Bike advocacy is everyone’s job, and sometimes it takes a village to move a mountain. Our incredible cycling community came together to support a fellow cyclist involved in a close call with a driver. The community pushed for change to make the roads safer for everyone and got results!

Here’s what happened.

What was supposed to be a fun group training ride turned into a frightening experience that left cyclists demanding action.

Helen Gardner, Manager of Big Ring Cycles, was training for a charity ride in Golden, CO this past July when a vehicle came within inches of the group of cyclists, which included a child on a tandem bike with her father and a disabled man in a trailer being pulled by Helen.

The group was riding single file on a two-lane road with Helen second in line. There was an oncoming car approaching in the opposite lane. Helen heard some of the cyclists behind her calling out to a driver who had just passed them.

As Helen passed through an intersection, she looked over to her left and saw a vehicle directly next to her, a vehicle being driven by a student driver.
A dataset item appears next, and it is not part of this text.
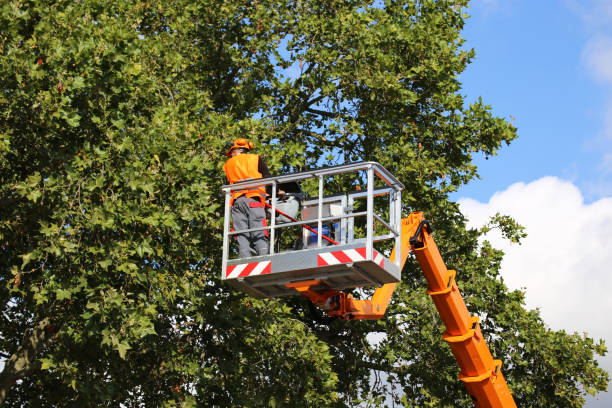 Best Storm Damage Tree Cleanup  in Lionville, PA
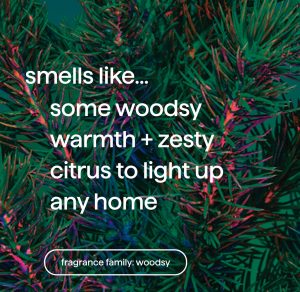 foaming hand wash – juniper + joy. 10 fl oz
It was just about four inches from her. The vehicle was so close that Helen could have reached into the window and easily touched the driving instructor in the passenger seat.

The teenage driver looked terrified and was white knuckling the steering wheel.

Helen raised her hand to the instructor, pointed behind her at the trailer and said “This is not how this works!” At that point, the driving instructor started banging on the window and yelling at Helen.

“I was speechless. I couldn’t believe that just happened,” said Helen. “Was that really a driver’s ed teacher who yelled at me through his window with somebody else’s child in the car?”

As soon as the oncoming car in the opposite lane drove by, the student driver sped up and pulled away.

One of the cyclists in Helen’s group followed the car to get the vehicle information and take a picture of the license plate. Luckily, no one was injured, just a little shaken.

What should the driver have done? Waited…waited behind the cyclists until the oncoming car had passed. Then, the driver could have passed the cyclists safely giving them the required three-foot separation according to Colorado law. See C.R.S. 42-4-1003 (1) (b) for more information.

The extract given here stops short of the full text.